Press Release PDF
For Immediate Release
Contact: Candace Walton, firstname.lastname@example.org
April 26, 2011
A national Minute of Silence will be held on Thursday, April 28 at 12:00 p.m. Central on college radio stations. College Broadcasters, Inc (CBI) is organizing the grassroots effort.
The goal of the Minute of Silence is to bring awareness of the deep impact that the sale of student radio stations is having on campuses and their surrounding communities. CBI, who represents over 200 student media outlets, has become increasingly alarmed at the sale of student stations.
“The recent sale of stations like KUSF at the University of San Francisco, KTRU at Rice University and WNAZ at Trevecca Nazrene University indicates that college broadcasters need to do a better job of explaining their value and purpose to the schools and communities they serve,” said Candace Walton, President of CBI. “This minute of silence is just the first step in a broader effort to make the nation aware of how critical student stations are to localism in broadcasting.”
The nationwide Minute of Silence on stations is not merely symbolic. When KTRU-FM goes silent on April 28, 2011, it’s license will transfer from Rice University’s student station to the University of Houston’s NPR affiliate KUHF and the silence will be real. KTRU’s signal will go off-air. The frequency will remain silent until KUHF takes over broadcasts.
The license transfer means one of Houston’s local voices will go silent and KTRU won’t be back. This loss of hyper-local programming has been seen in other markets where student stations have been sold. Too often the results are local content is replaced by programming from out-of-market sources.
KTRU is not alone. Recently, other student stations have been sold, and with them the loss of local voices and content. Texas Tech University, Trevecca Nazrene University, Augustana College, Deerfield Academy and pending sales at The University of San Francisco and Vanderbilt University are all examples of student stations transferred or being transferred to non-educational operators.

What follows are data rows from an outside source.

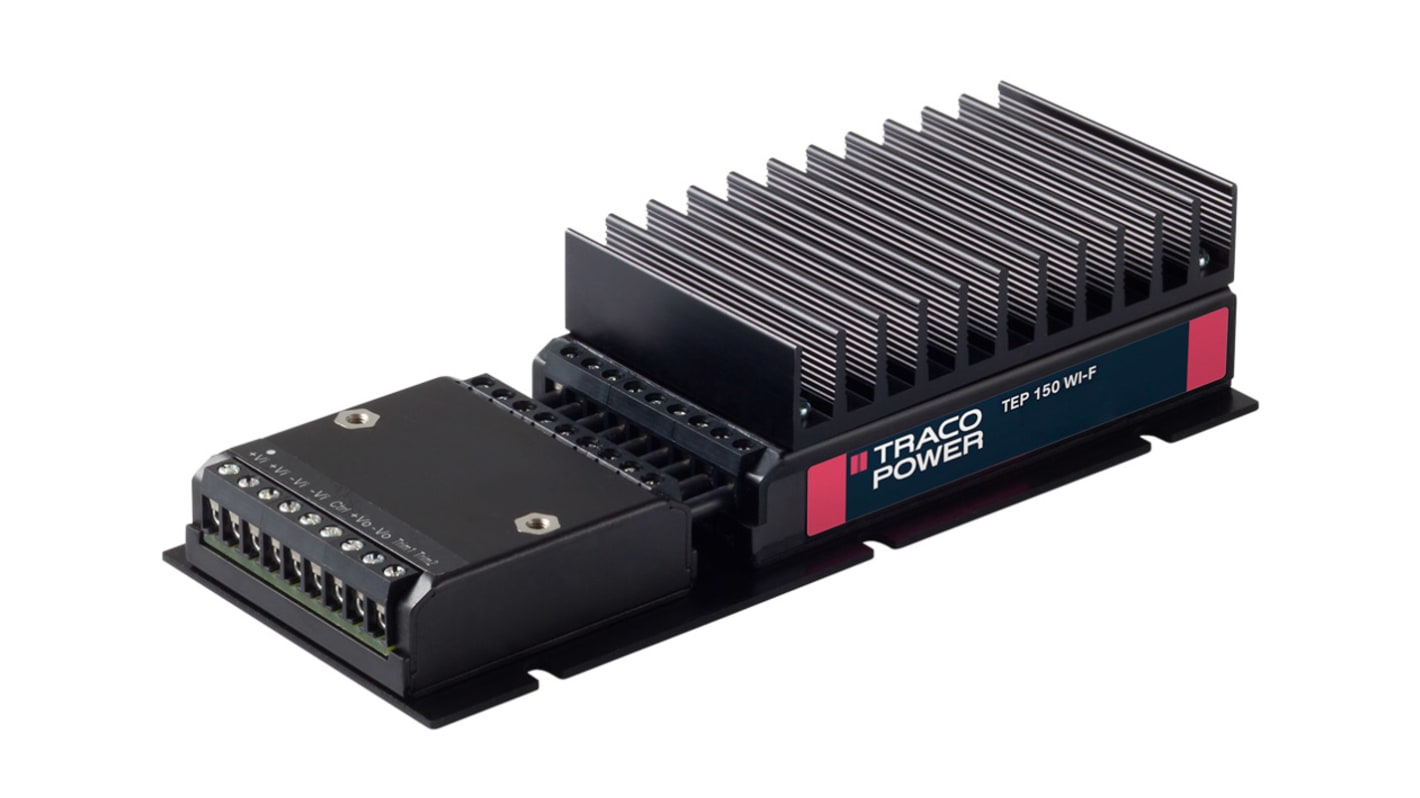 TRACOPOWER TEP 150 DC-DC Converter, 24V dc/ 6.3A Output, 18 → 75 V dc Input, 150W, Through Hole, +75°C Max Temp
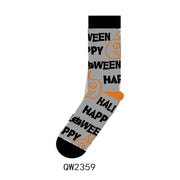 Halloween Man And Woman Cartoon Four Seasons Tube Socks
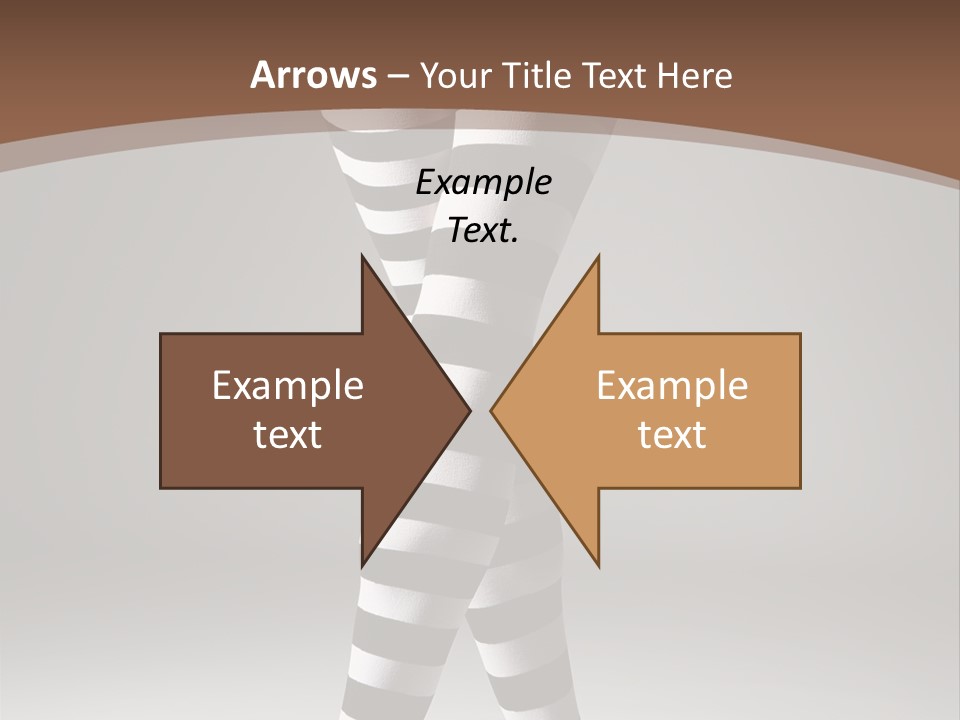 Sensuality Nature Leg PowerPoint Template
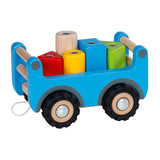 Goki Holzschleppwagen mit Anhänger - afbeelding 4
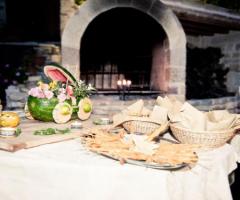 I prodotti serviti al buffet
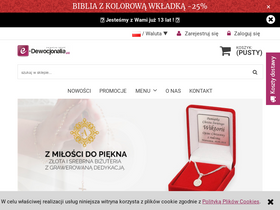 'e-dewocjonalia.eu' screenshot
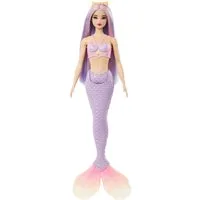 Barbie Meerjungfrauenpuppe Meerjungfrau, mit lilafarbenem Haar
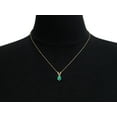 thumbnail image 6 of SuperJeweler 1/2 Carat Pear Shape Emerald Necklace in 14K Yellow Gold Over Sterling Silver, 18 inches for Women, 6 of 6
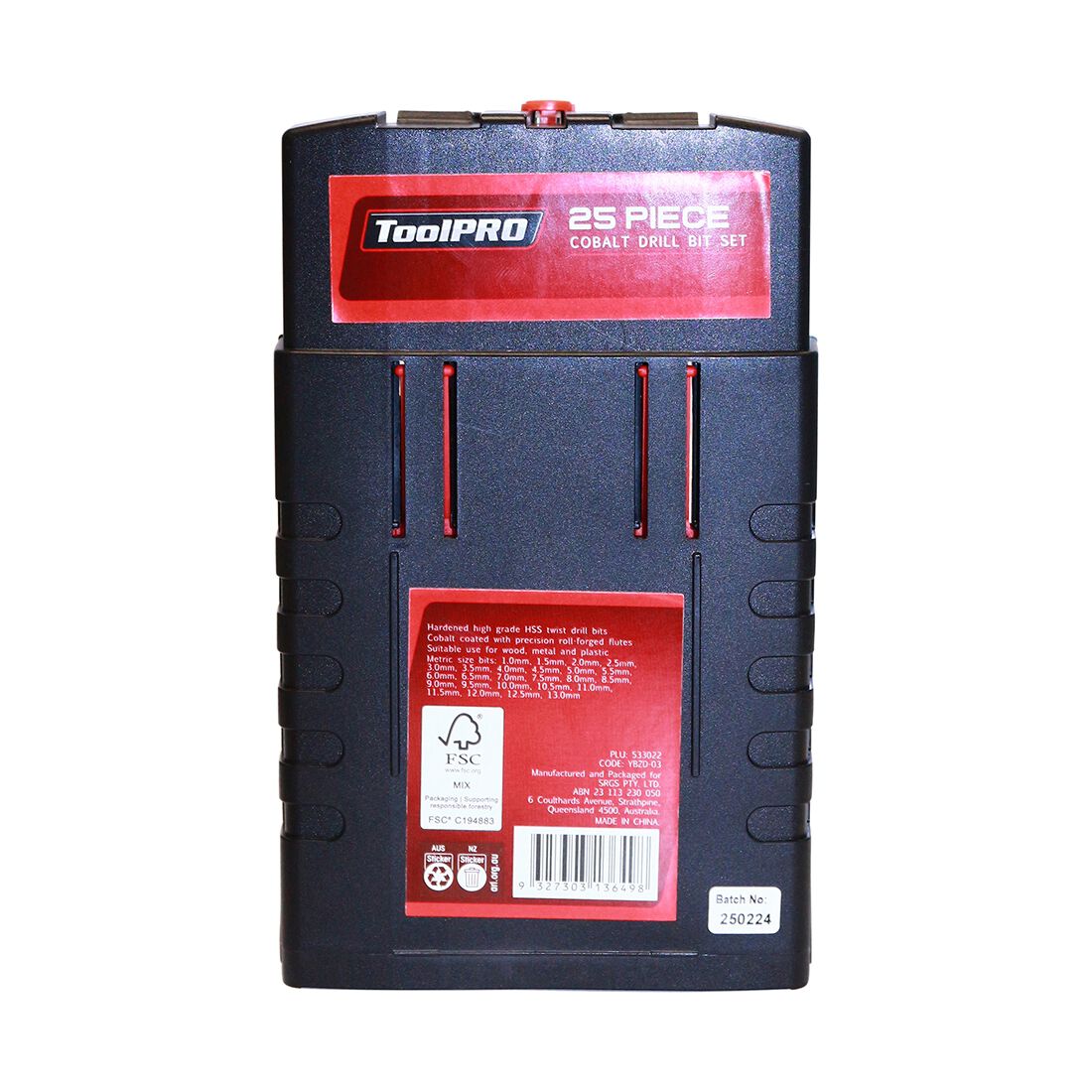 ToolPRO Cobalt Drill Bit Set 25 Piece, , scaau_hi-res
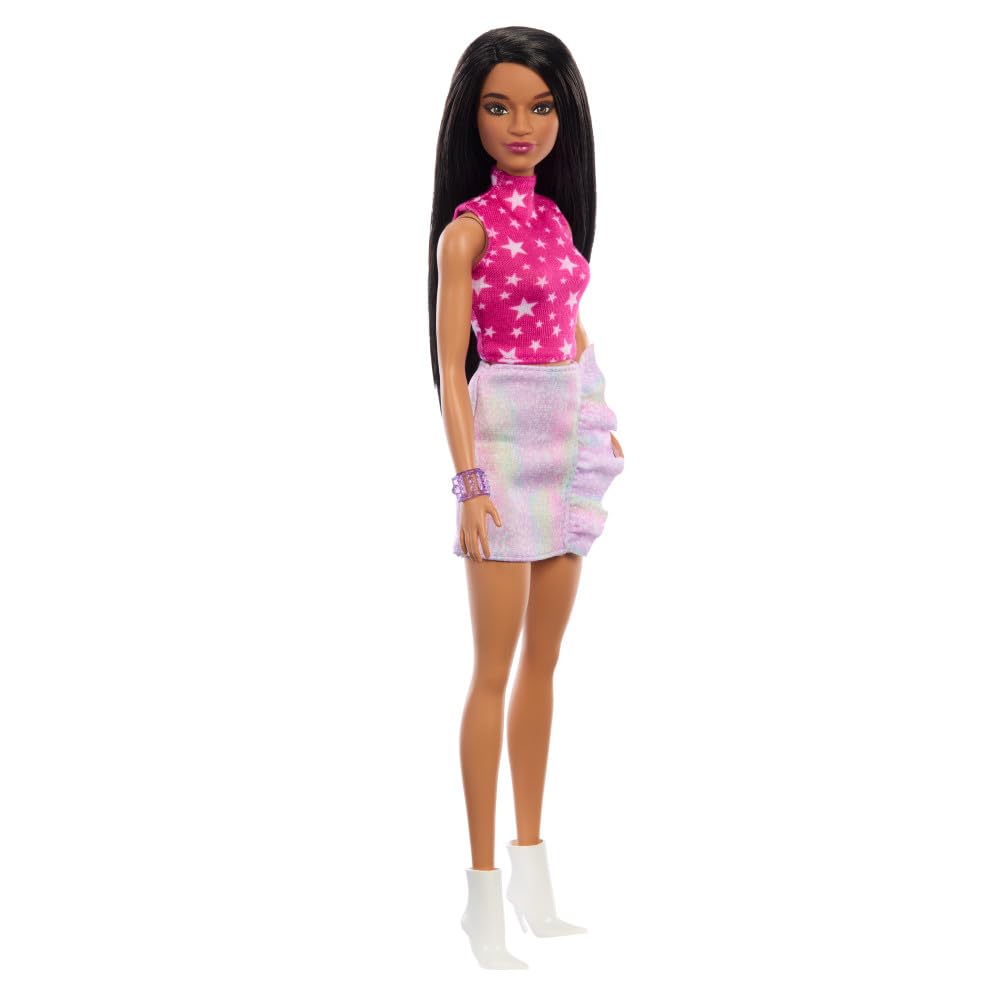 Barbie Fashionistas #215 65th Anniversary Doll – Pink Star-Print Look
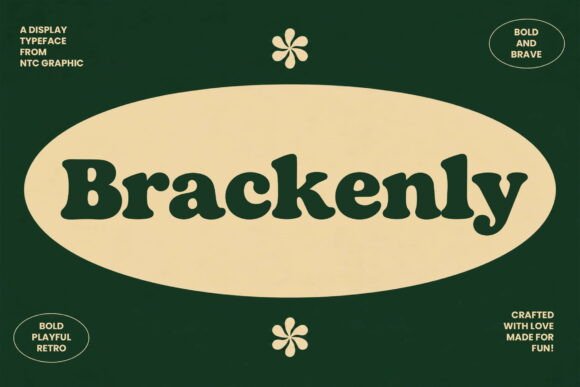 Brackenly: The Bold Retro Display Font for Handmade Creators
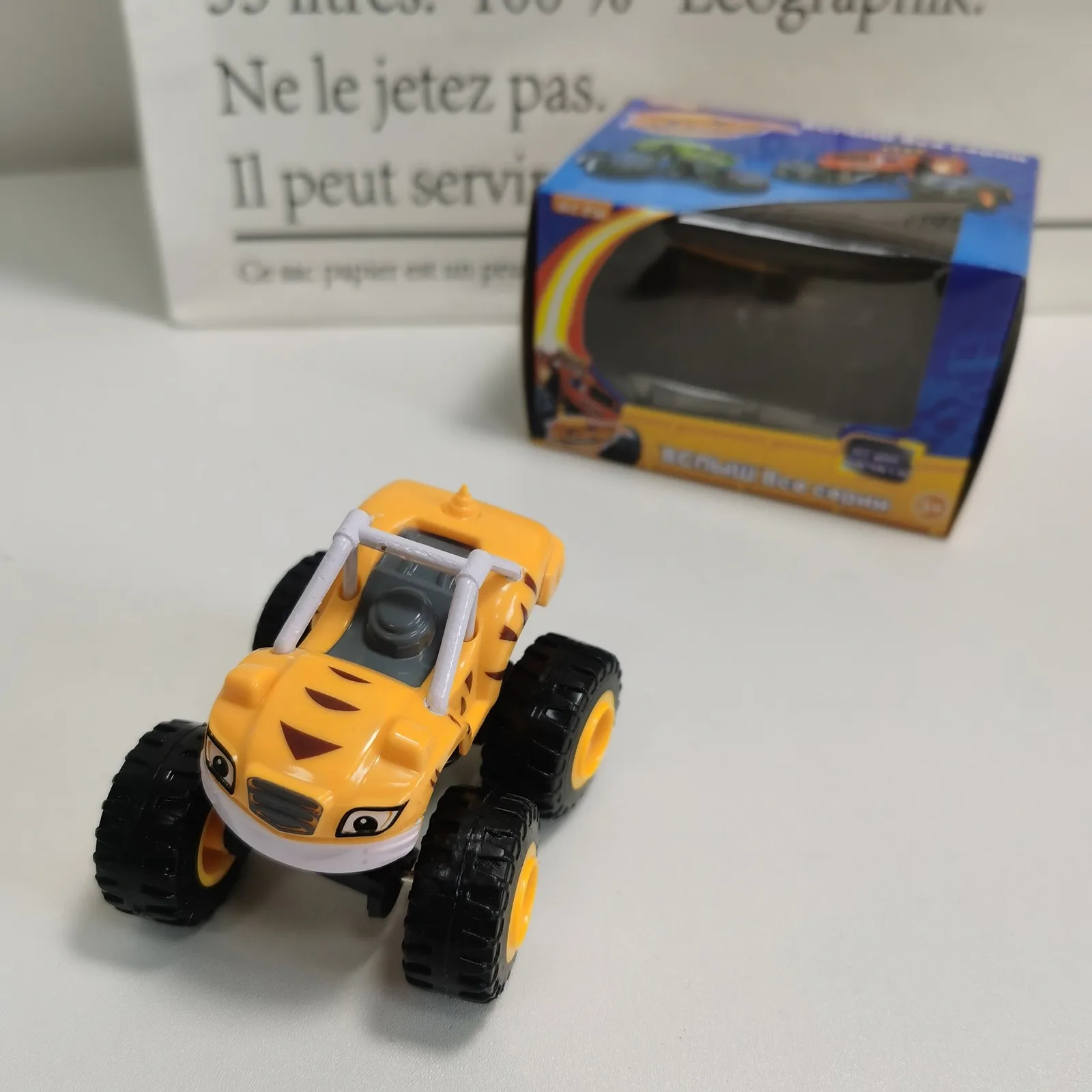 Classic Blaze Cars Model Inertia Diecast Vehicles Racing Figure Blaze Toys for Children Monsters Truck Machines Car Toy Kids
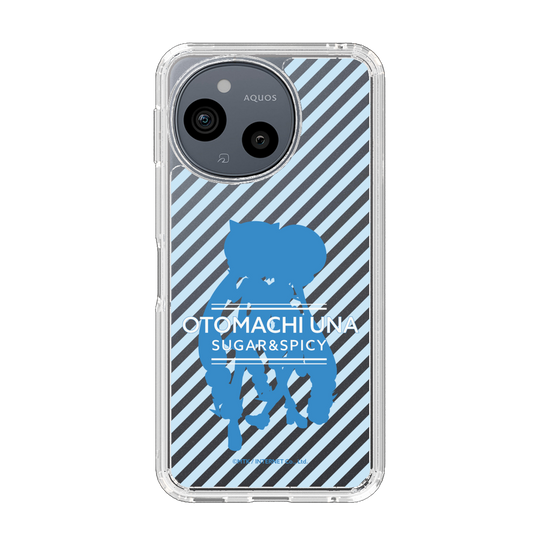 スリムプロテクションケース［ 音街ウナ - シルエット - シュガー&スパイシー ］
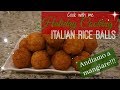 COOK WITH ME & MY MIL// ITALIAN MOZZARELLA RICE BALLS//  Holiday cooking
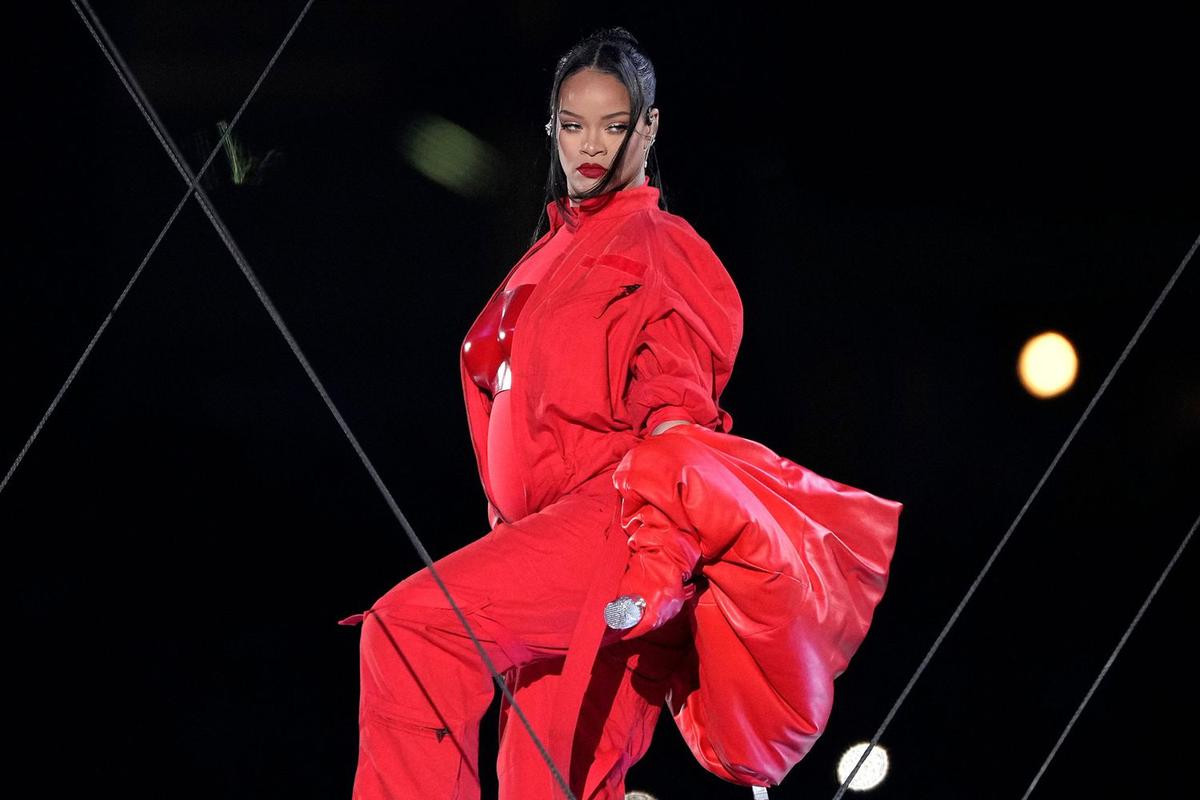 Pregnant Rihanna Debuted a Brand New Fenty Launch at the Super Bowl — And It's The Perfect Red Lip Product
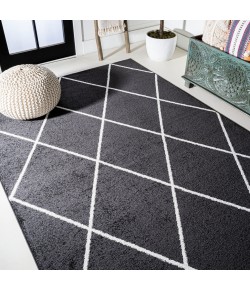 Jonathany Supersoft SEU102A Black/White Area Rug 4 ft. X 6 ft. Rectangle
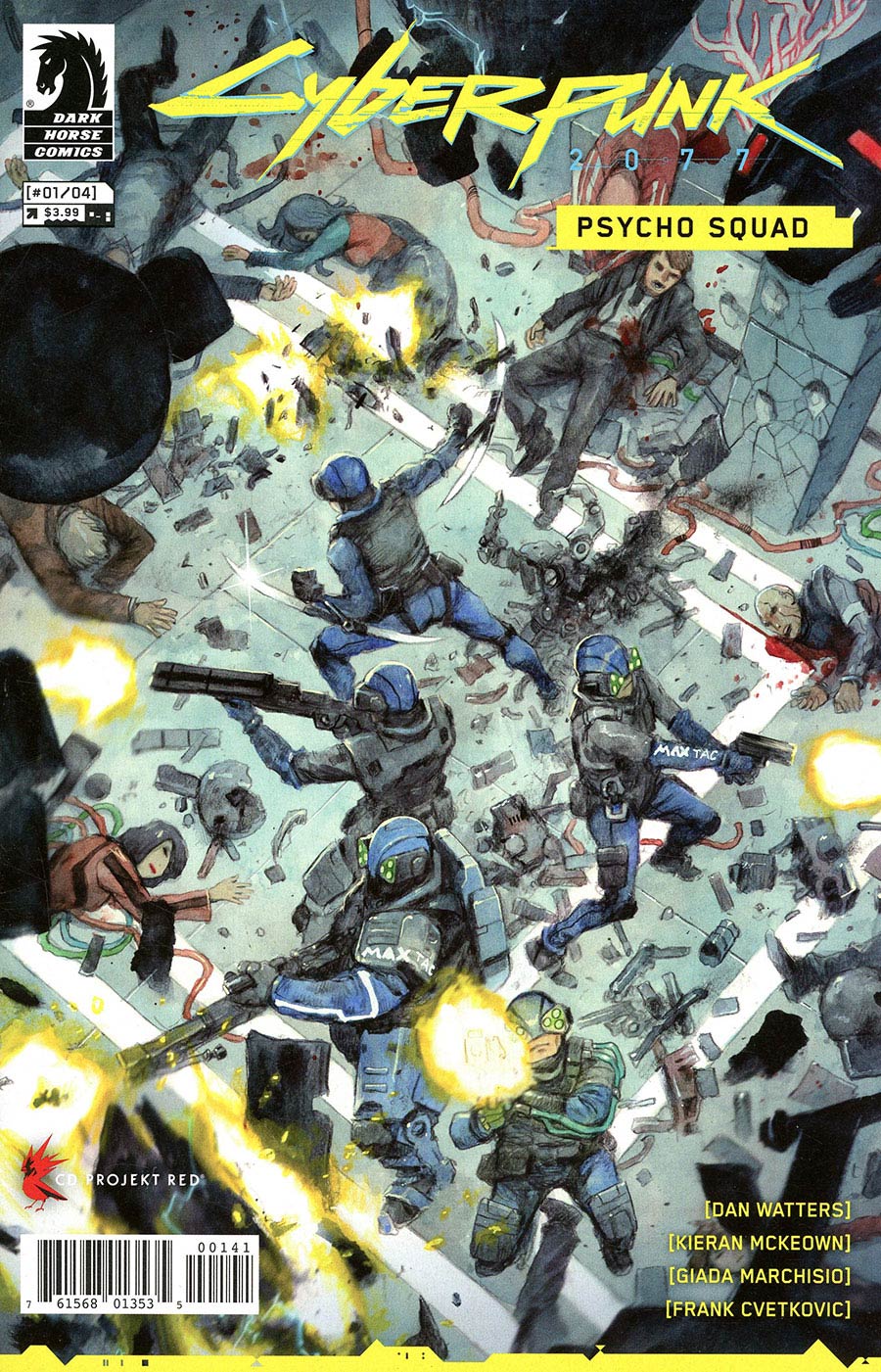 Cyberpunk 2077 Psycho Squad #1 Cover D Variant Niko Henrichon Cover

“Many Americans, including members of Congress, have complained that consolidation, voice tracking, syndication and automation have left communities without a true local radio station. Student stations are often the last locally-focused radio outlet in their community,” Mark Maben, Development Director of College Broadcasters, Inc pointed out. “At a time of expressed alarm about the demise of localism in broadcasting, noncommercial stations with a high percentage of locally produced programming need to be considered open green spaces of the air that should be preserved, not bulldozed over in favor of programming from faraway sources.”
“Those who have benefited from college radio, including alumni, commercial broadcasters, and the music industry must step up and call on the Federal Communications Commission to reassess what it means by localism in content. These stations are invaluable and when the frequency is gone, it will not be returned,” added Walton.
The minute of silence is a first step as part of a broader effort to build awareness of the selling of student stations. College Broadcasters, Inc, will also host a variety of sessions regarding this issue at their national convention in Orlando, Florida in October 2011. There is more information available online at www.askcbi.org including an update list of stations that have been sold and transferred from student stations. Additional efforts to champion the importance of student stations will take place in the months and years ahead.
College Broadcasters Inc. represents students involved in radio, television, webcasting and other related media ventures; ensures a commitment to education and the student pursuit of excellence through active involvement in electronic media; promotes cooperative efforts between the association and other national, regional, and state media organizations; facilitates the discussion of issues related to student-operated electronic media; and other community oriented programs.